In the data below, find the line that contains "4号 1942年作 共シール" and the line that contains "Teller Organizer Tee". Copy both, plus every line between them, exactly.

Data for processing
□ □ □ □ □

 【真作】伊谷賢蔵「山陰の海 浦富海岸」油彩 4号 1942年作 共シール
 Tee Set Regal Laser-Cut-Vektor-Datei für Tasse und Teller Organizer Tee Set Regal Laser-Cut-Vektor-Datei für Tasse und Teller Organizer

□ □ □ □ □

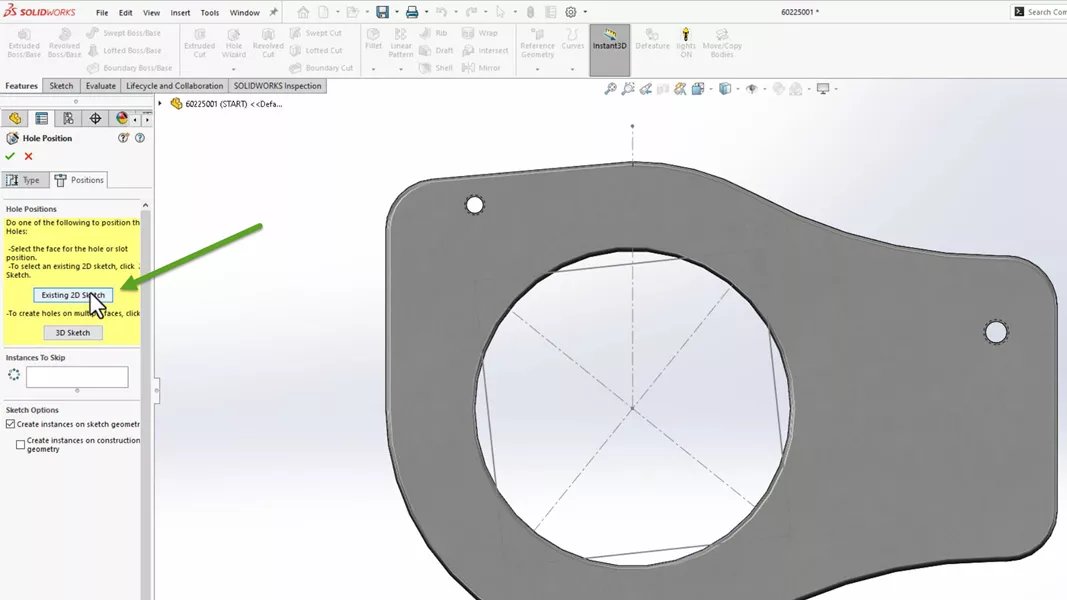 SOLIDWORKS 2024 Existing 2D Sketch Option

□ □ □ □ □

Response below
 【真作】伊谷賢蔵「山陰の海 浦富海岸」油彩 4号 1942年作 共シール
 Tee Set Regal Laser-Cut-Vektor-Datei für Tasse und Teller Organizer Tee Set Regal Laser-Cut-Vektor-Datei für Tasse und Teller Organizer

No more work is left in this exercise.